En définitive, et en l’état des régimes fiscaux susceptibles de s’appliquer, les ICOs sont des opérations fortement taxées pour l’initiateur et pour l’acquéreur en cryptomonnaie. Un tel niveau d’imposition doit être intégré dans l’opération de financement envisagée afin d’évaluer le montant des sommes réellement disponibles post-ICO et fiscalité (impôt sur les sociétés, contributions sociales, TVA). Les solutions évoquées ci-dessus, et d’autres encore, doivent être analysées par les initiateurs et leurs conseils afin de sécuriser et d’optimiser ce montant. Les difficultés liées à l’attribution préférentielle de tokens doivent également être anticipées.

 

 

 

 

[1] Cryptocurrency Market Capitalizations

[2] AMF, synthèse des réponses à la consultation publique portant sur les Initial Coin Offerings (ICO) et point d’étape sur le programme "UNICORN", 22 février 2018.

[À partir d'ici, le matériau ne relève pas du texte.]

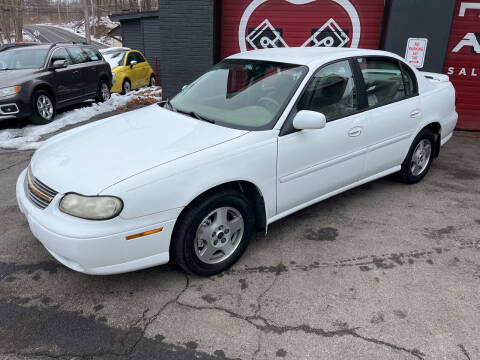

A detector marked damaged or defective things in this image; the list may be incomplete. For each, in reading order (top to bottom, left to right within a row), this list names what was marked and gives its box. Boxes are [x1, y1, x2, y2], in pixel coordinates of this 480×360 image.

cracked pavement [0, 126, 480, 358]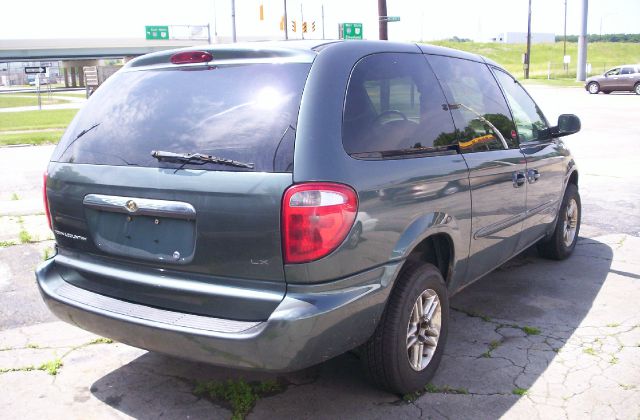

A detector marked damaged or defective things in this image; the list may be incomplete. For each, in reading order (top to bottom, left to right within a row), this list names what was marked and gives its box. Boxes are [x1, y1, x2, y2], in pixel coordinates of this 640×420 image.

cracked pavement [0, 86, 636, 420]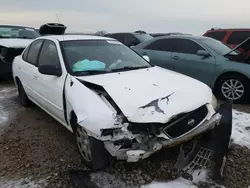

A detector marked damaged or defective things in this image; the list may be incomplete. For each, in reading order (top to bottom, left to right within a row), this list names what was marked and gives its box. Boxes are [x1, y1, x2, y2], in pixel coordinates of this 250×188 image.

crumpled hood [76, 66, 213, 123]
detached bumper piece [174, 100, 232, 181]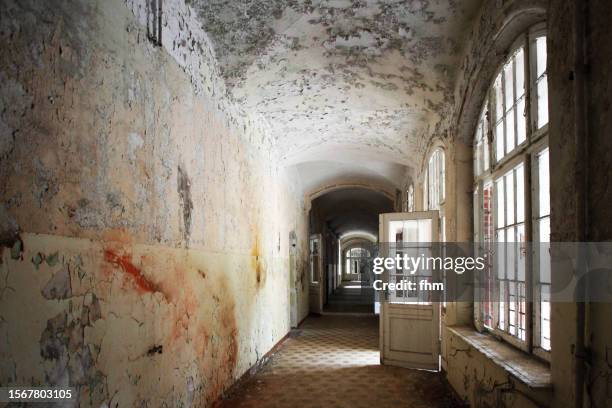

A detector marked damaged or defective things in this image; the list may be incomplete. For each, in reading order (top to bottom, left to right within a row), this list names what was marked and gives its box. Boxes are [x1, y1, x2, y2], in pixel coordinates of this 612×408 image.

rusted stain [103, 249, 159, 296]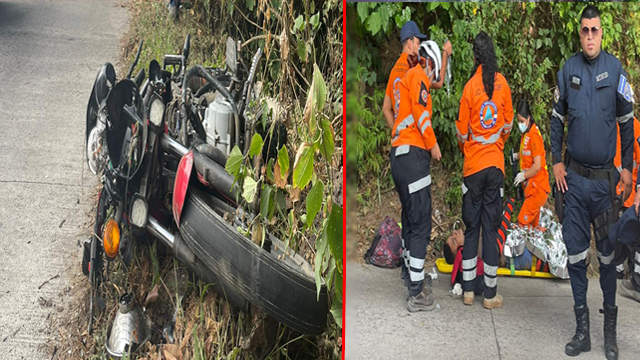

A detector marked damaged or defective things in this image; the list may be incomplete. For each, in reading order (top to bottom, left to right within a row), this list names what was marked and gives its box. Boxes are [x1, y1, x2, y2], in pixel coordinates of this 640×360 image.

crashed motorcycle [82, 38, 328, 354]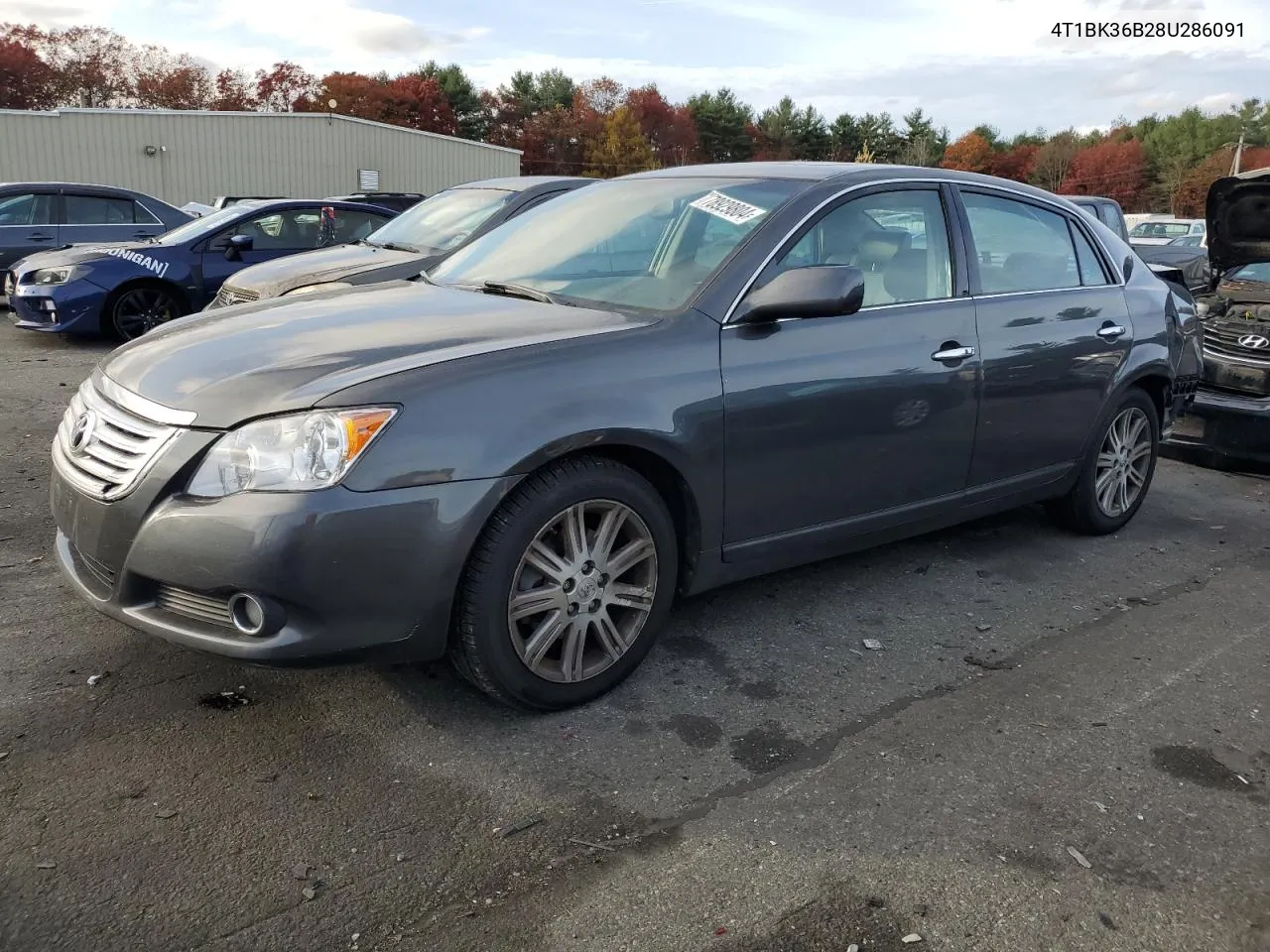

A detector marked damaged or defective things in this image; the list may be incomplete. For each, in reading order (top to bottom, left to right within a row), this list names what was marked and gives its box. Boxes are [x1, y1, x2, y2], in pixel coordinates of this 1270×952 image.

damaged car with open hood [1163, 170, 1270, 474]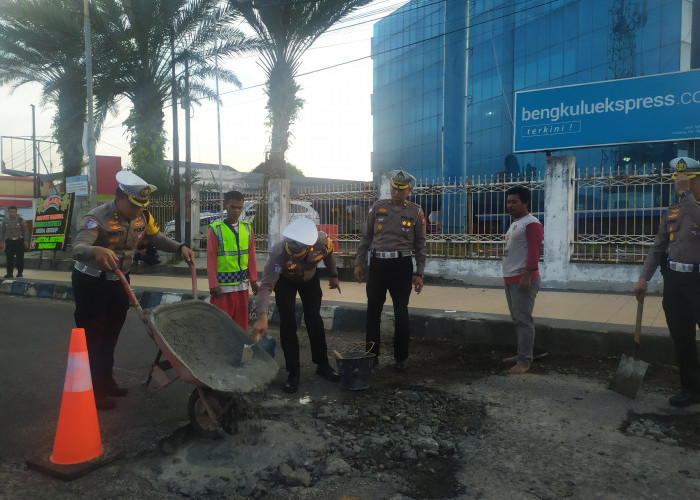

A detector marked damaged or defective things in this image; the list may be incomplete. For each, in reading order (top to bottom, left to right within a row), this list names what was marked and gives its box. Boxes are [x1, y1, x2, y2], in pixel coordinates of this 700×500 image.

pothole in asphalt [314, 384, 486, 498]
pothole in asphalt [620, 410, 700, 450]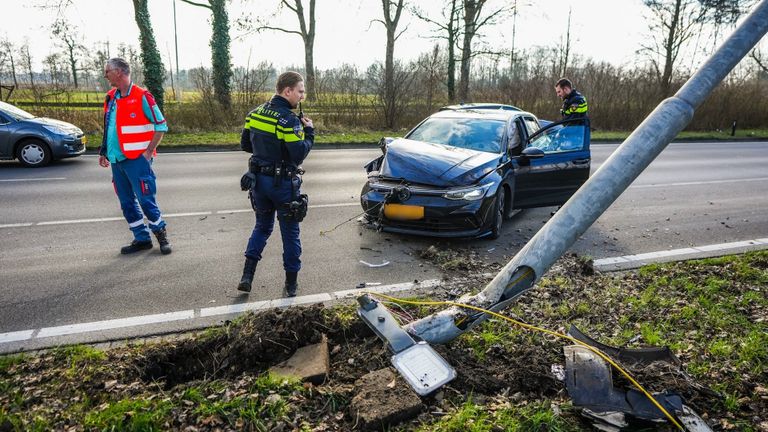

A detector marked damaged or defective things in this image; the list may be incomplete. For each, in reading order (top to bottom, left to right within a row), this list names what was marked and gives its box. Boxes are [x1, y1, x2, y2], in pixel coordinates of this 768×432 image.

car hood damage [380, 138, 500, 186]
damaged black car [362, 105, 592, 240]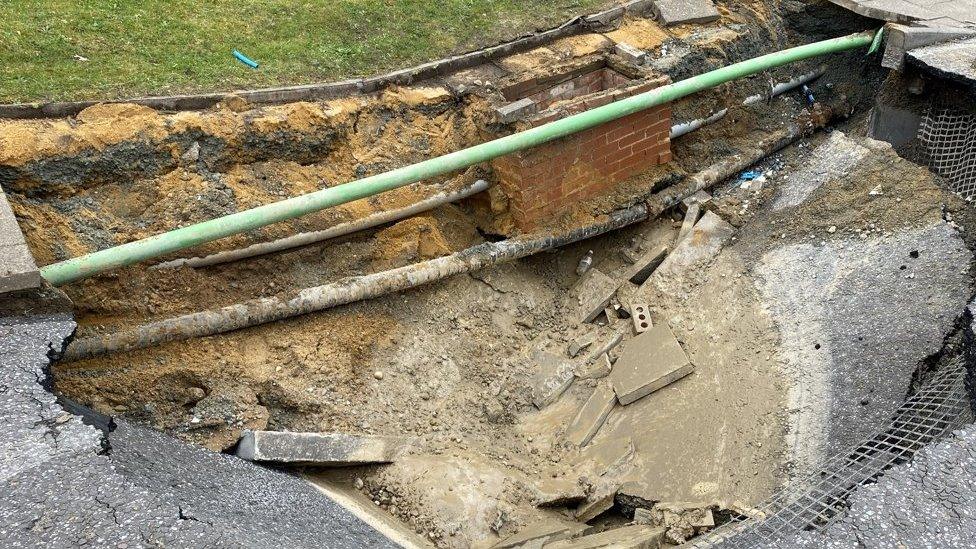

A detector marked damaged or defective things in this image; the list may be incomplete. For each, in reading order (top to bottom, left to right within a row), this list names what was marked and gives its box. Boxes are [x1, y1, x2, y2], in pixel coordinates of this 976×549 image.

[3] Sauf le cas particulier du token qui confèrerait des droits politiques et financiers analogues à ceux d’une action.

[4] Chaque fois qu'il n'est pas prévu une règle fiscale différente, les principes comptables s’appliquent prioritairement pour la détermination du résultat imposable (CGI, ann. III, art. 38 quater [lXB=L1193HLR]).

[5] Decentralized Autonomous Organization.

[6] 28 % en dessous de 500.000 euros de bénéficie fiscal.

[7] Hors bénéfice d’un régime dérogatoire type jeune entreprise innovante.

[8] CGI, art. 236, I. (N° Lexbase : L2941LCW).

[9] Monnaie traditionnelle (€, $, £, …).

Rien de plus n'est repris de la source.